§ **Records for this exercise**

══════════

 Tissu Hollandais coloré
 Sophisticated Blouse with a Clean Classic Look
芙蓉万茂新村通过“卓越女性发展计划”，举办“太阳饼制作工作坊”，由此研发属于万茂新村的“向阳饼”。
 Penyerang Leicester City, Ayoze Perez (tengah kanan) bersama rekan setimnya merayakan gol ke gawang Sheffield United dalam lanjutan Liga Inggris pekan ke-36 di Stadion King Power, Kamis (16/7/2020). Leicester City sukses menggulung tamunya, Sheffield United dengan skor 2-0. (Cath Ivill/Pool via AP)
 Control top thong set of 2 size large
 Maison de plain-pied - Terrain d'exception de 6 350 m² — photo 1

══════════

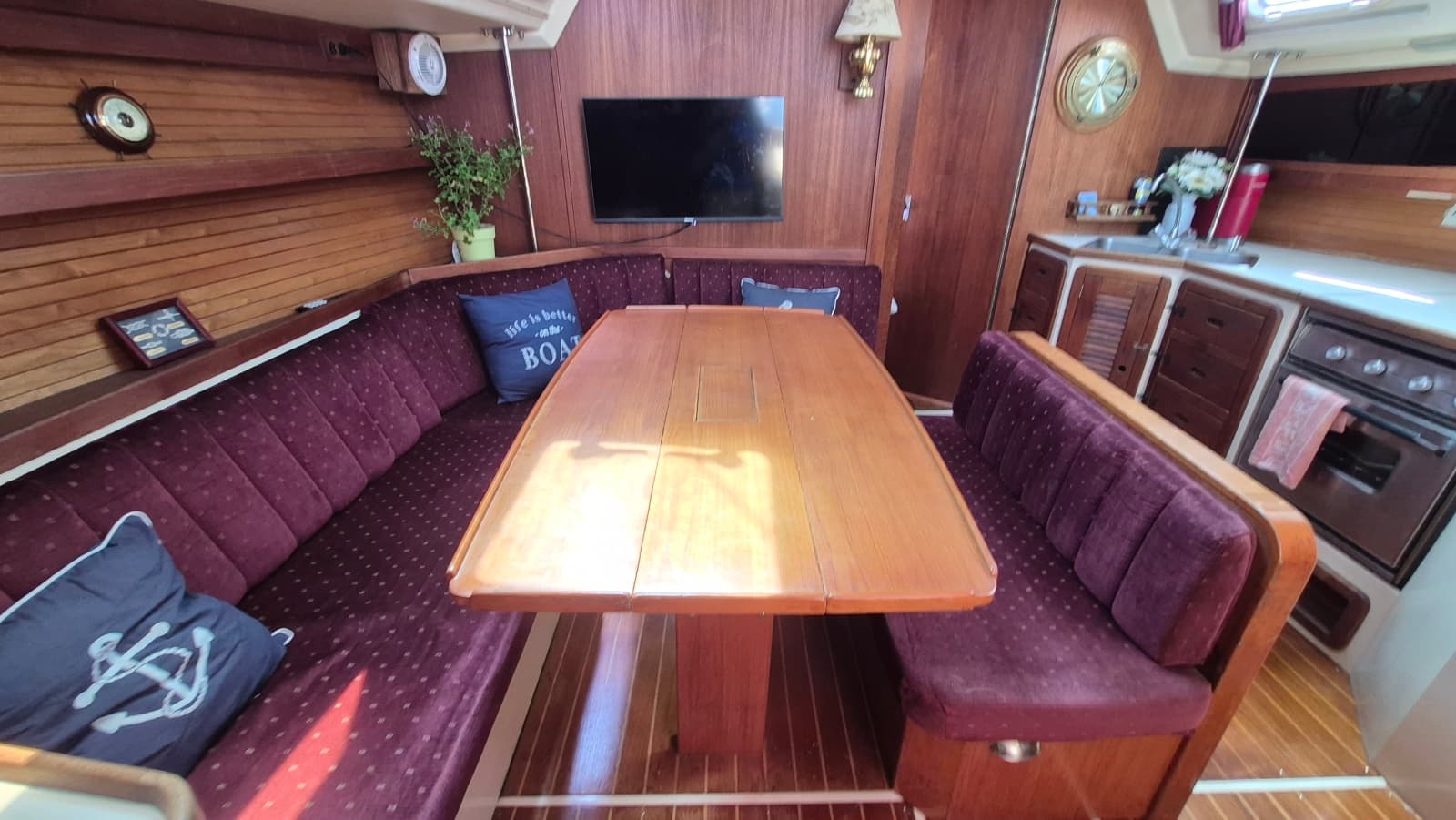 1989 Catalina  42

══════════

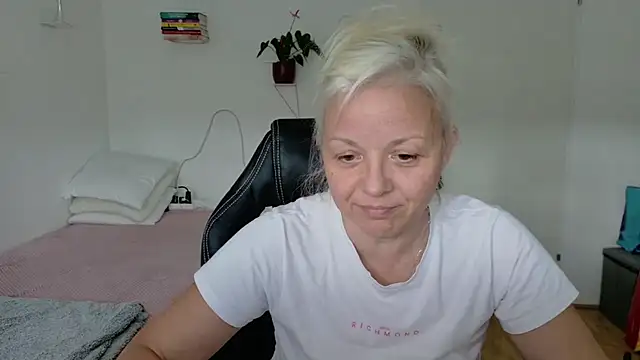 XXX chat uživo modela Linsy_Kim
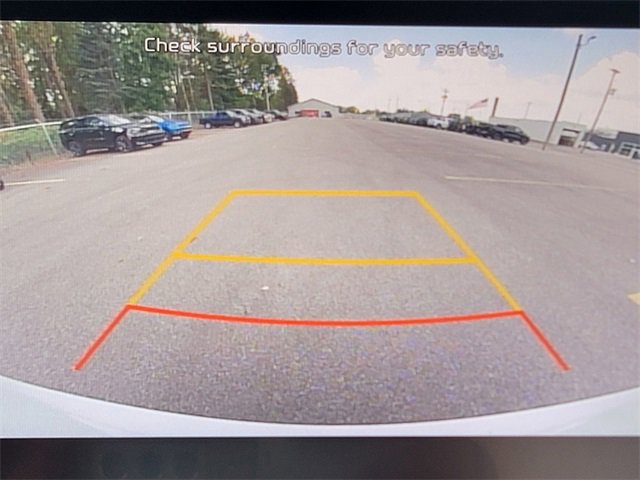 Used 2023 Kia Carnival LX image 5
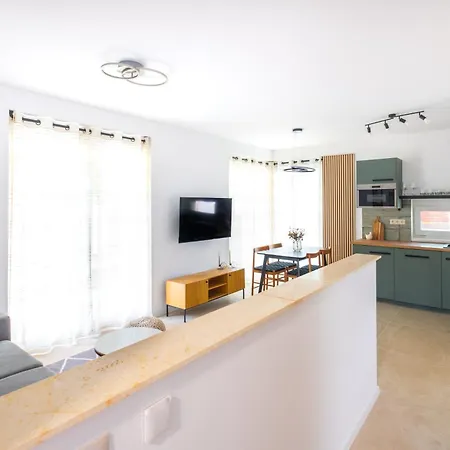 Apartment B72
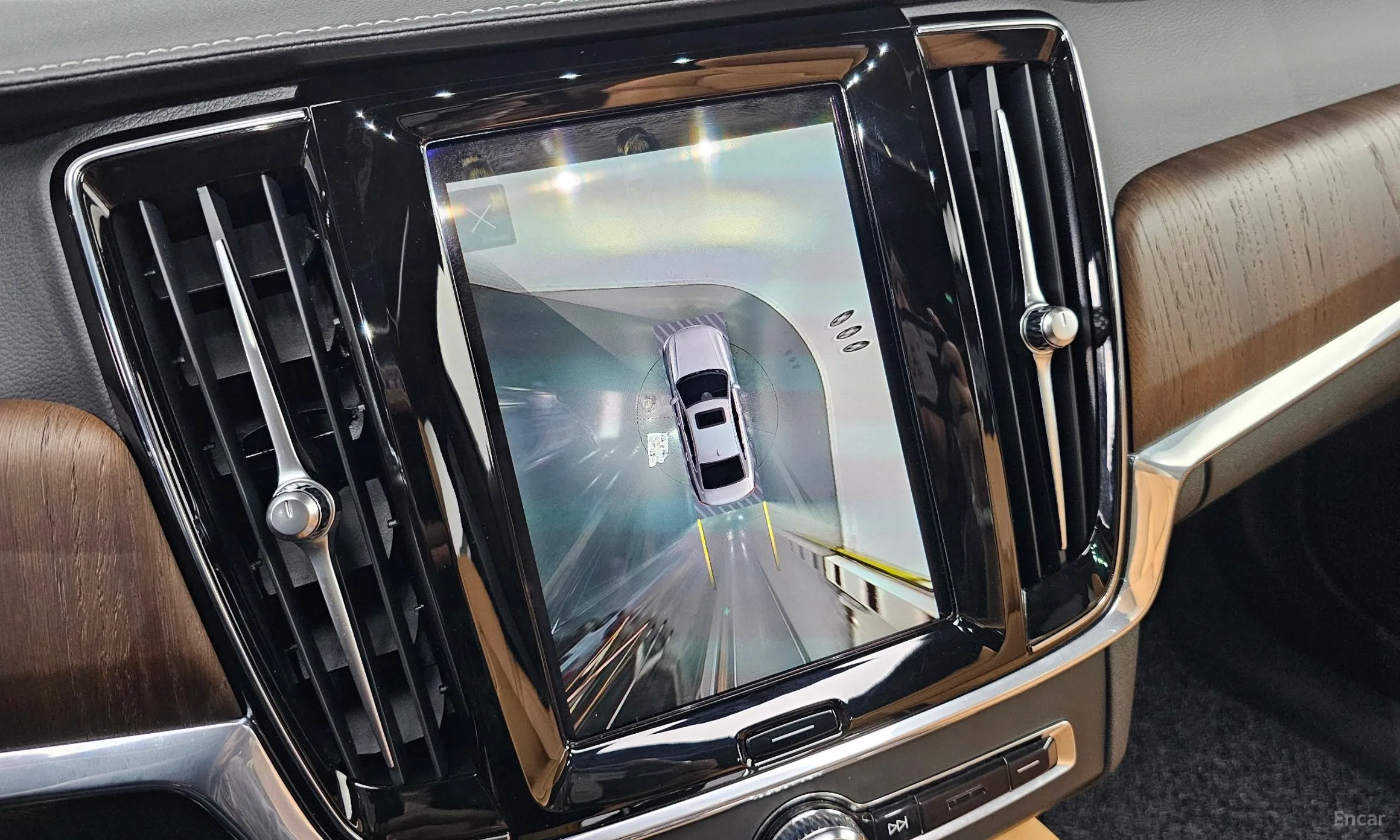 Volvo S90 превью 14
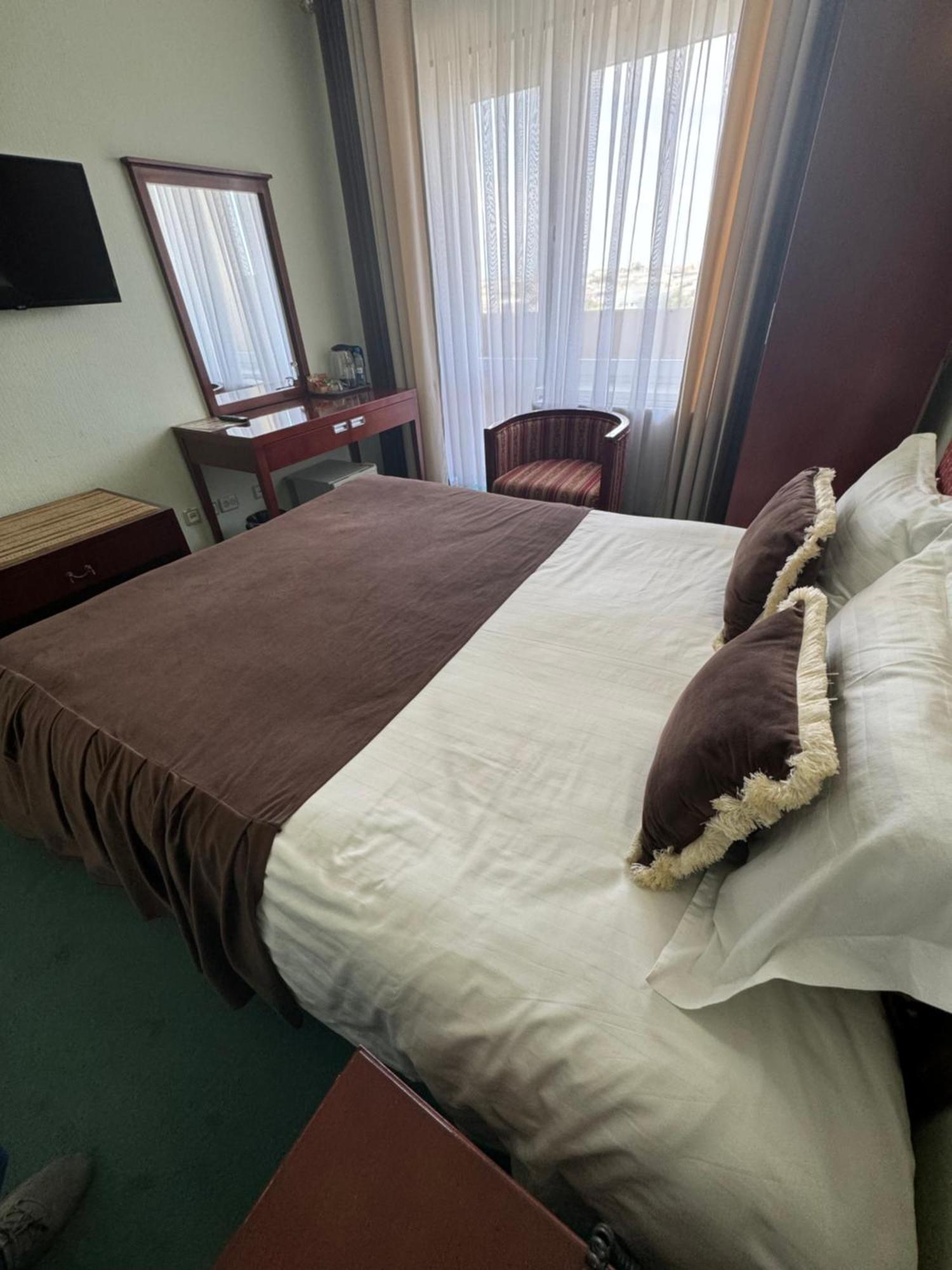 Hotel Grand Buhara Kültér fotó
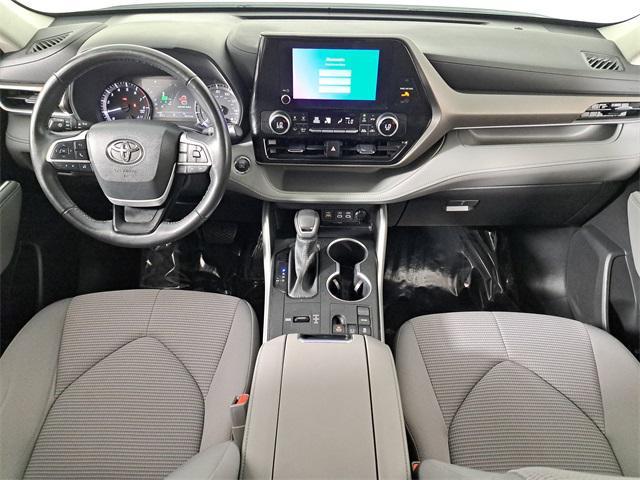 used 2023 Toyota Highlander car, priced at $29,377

══════════

§ **Activity**
In the entries above, find the line holding "Penyerang Leicester City, Ayoze" and the line holding "Maison de plain-pied", then retype exactly those two lines and every line between them, and nothing else.

§ **Solution**
 Penyerang Leicester City, Ayoze Perez (tengah kanan) bersama rekan setimnya merayakan gol ke gawang Sheffield United dalam lanjutan Liga Inggris pekan ke-36 di Stadion King Power, Kamis (16/7/2020). Leicester City sukses menggulung tamunya, Sheffield United dengan skor 2-0. (Cath Ivill/Pool via AP)
 Control top thong set of 2 size large
 Maison de plain-pied - Terrain d'exception de 6 350 m² — photo 1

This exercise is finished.